Thanks guys I really do appreciate all your posts

Keemjay - I know, I was thinking Doh while writing that   sometimes things are just so obvious that you miss them!

Gertie - Hope your LO starts sleeping through again, it's a killer isn't it. If it was 10-15mins settle down I'd cope better but is hours of broken sleep that's just wiping me out. Your right though, I'm over analysing everything. You've told me this before and I'm trying so hard to bang it into my thick skull but I'm analysing person at the best of times and I just want to get everything right for LO, I'm putting too much pressure on myself and I'm trying to think 'what should I do now' while dealing with things instead of just going with my gut and dealing with them. 

Well LO was asleep by 19:30, settled in bed with no fuss at record time 😃 I think last nights tantrum at bedtime was due to her being over tired. I hope she sleeps through again tonight   I'm going to bed soon to have a good recharge and in preparation incase she wakes again. 

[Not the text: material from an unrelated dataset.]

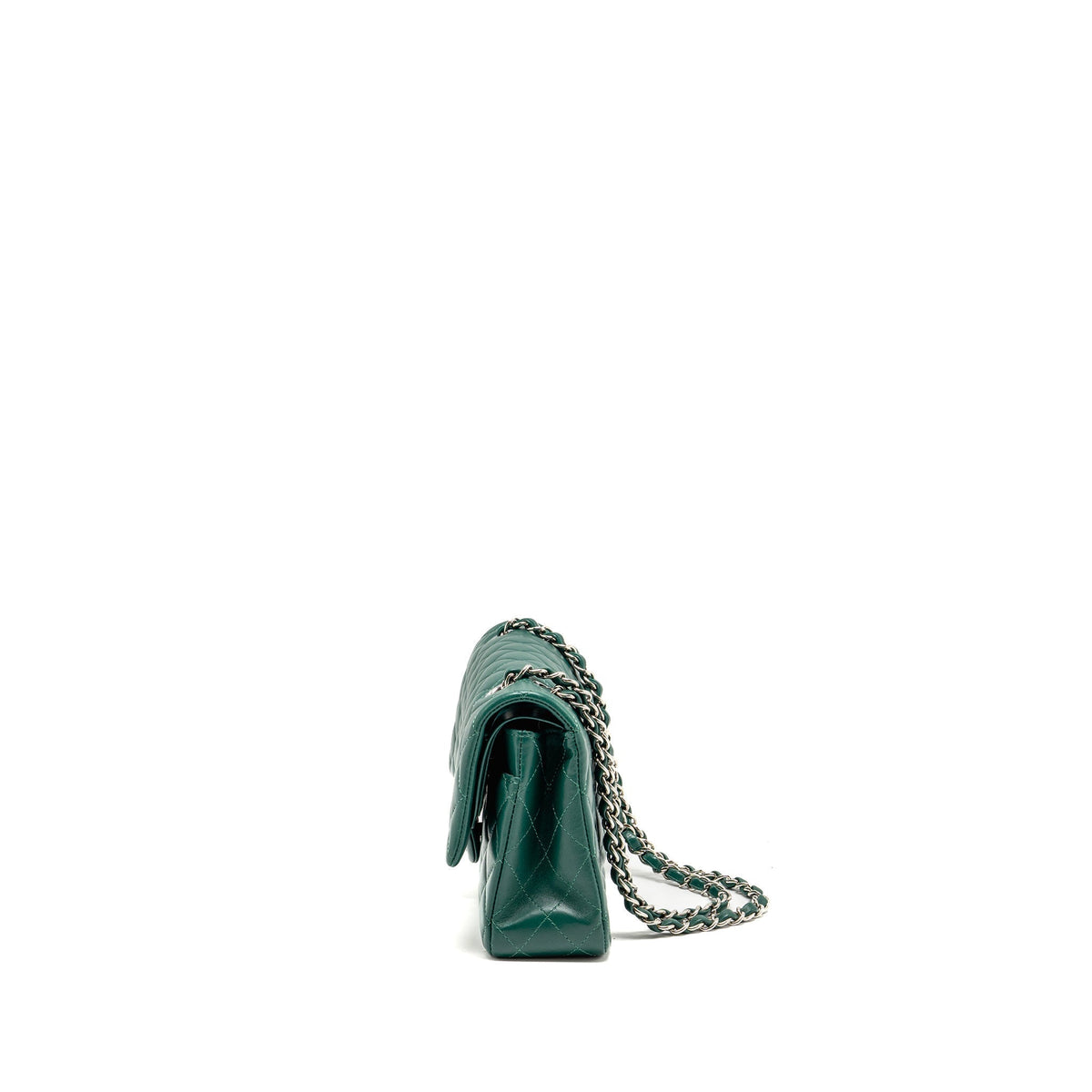 CHANEL MEDIUM CLASSIC DOUBLE FLAP BAG LAMBSKIN GREEN SHW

I feel like I've got a cheerleading team cheering us on and encouraging us, I thank you all for that invaluable support   xx


----------



## GERTIE179 (Apr 20, 2005)

Lol CW - "over analysing" could be my middle name it's difficult to let go isn't it.
Yeah I hope do too - last night LO was awake for an hour with DH and then 1.5 hr with me :-D least he was quite and resting as he's not been too girny today. We'll see what tonight brings as we had quite an interesting day.
X


----------



## keemjay (Jan 19, 2004)

i still over analyse eveything and i'm 5 1/2 years in..so get used to it  


sleep well x
kj x


----------



## GERTIE179 (Apr 20, 2005)

Thanks Keemjay ;-) I'll try and keep mine to waking hours to save my precious zzz's


----------



## wynnster (Jun 6, 2003)

Big Hugs Can't Wait   

I was terrible with analysing everything with ds and yes I STILL do    I'm not sure if its gets less intense or you just get used to it    When dd came along it all started again   

Could you maybe see how she copes with falling asleep without you in the room?  You said yourself about not wanting to upset her routine further down the line..... but if she starts to accept and go with your routine of staying in the room, you are at some point going to have upset.
Do you think she would really struggle?  How about back to a cot?  Baby her a bit more, let her have a bottle of milk etc, how about the mobile thingy mentioned on the other thread?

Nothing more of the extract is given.